Figure 4. Box plot showing the comparison of NDXI and slope
between wetland (Mari ), forest, and grassland. Lower end of the
box denotes 25th percentile, center line denotes 50th percentile
(exclusive median), and upper end denotes 75th percentile. Cross mark in
the box denotes the average. Bar denotes the largest and smallest values
within 1.5 times interquartile range. Outside values denotes
>1.5 times the interquartile range. n = 90 for each box
plot. The underlying data for this figure are available in Table S1.
A graph of the decision tree analysis is shown in Figure 5. The accuracy
rate of this model for test data was 92.6% (Figure S4). Accuracy rate
is generally used to evaluate a prediction precision for unknown data
and is calculated by dividing the number of correct classification for
test data by total number of test data (30% of 270 samples: 81). As
shown in Figure 4, NDSI was selected as a criterion at the first stage
of decision tree analysis. Based on NDSI ≦ –0.31, most samples of the
forest and grassland were classified into the true direction, while
almost all samples of the wetland (Mari ) were classified into the
false direction. This result indicates that wetland can be distinguished
from forest and grassland, but only by NDSI. On the other hand, many
samples of forest and grassland remained in the box of true direction
after the first stage.
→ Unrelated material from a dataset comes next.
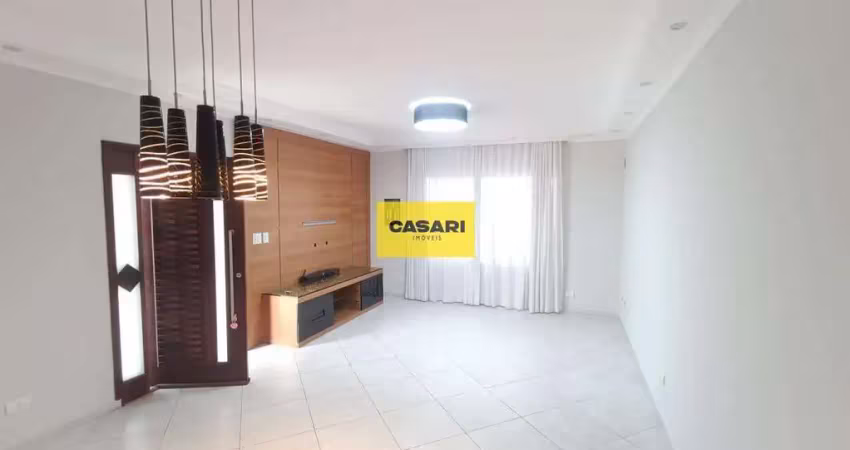 Sobrado para locação – 3 dormitórios (1 suíte com closet), área gourmet e 2 vagas – reformado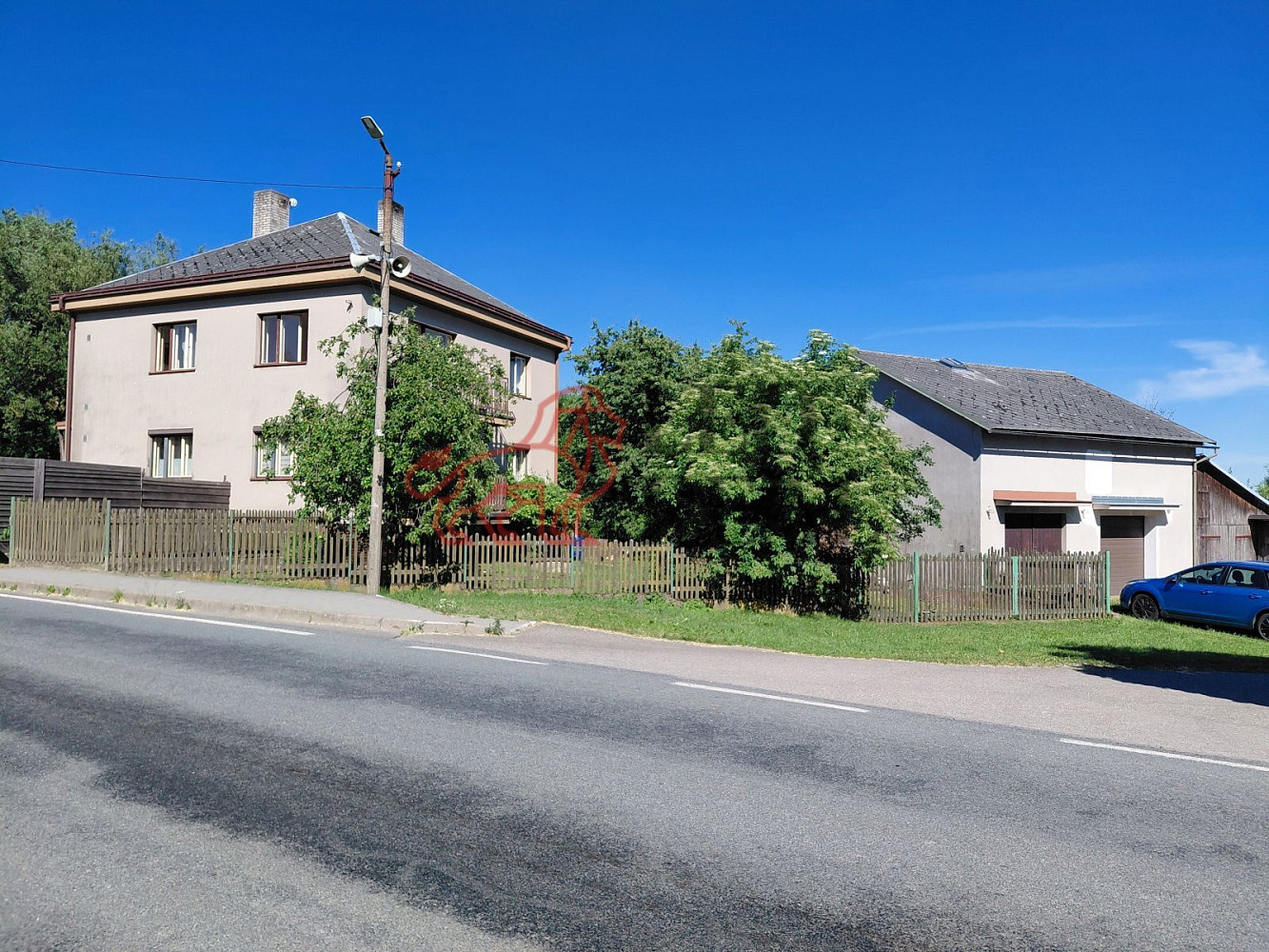 Prodej domu 400 m² s pozemkem 1 200 m²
Then, NDWI ≦ –0.674 was used as a criterion to
distinguish forest and grassland: most samples of grassland were
classified into the true direction, while most samples of forest were
classified into the false direction. Finally, at the third stage, a
small number of samples were classified by slope, NDSI, and NDVI. From
these results, it follows that three-stage classification by the
decision tree analysis based on NDXI and slope was enough to distinguish
landcover as wetland (Mari ), forest, and grassland.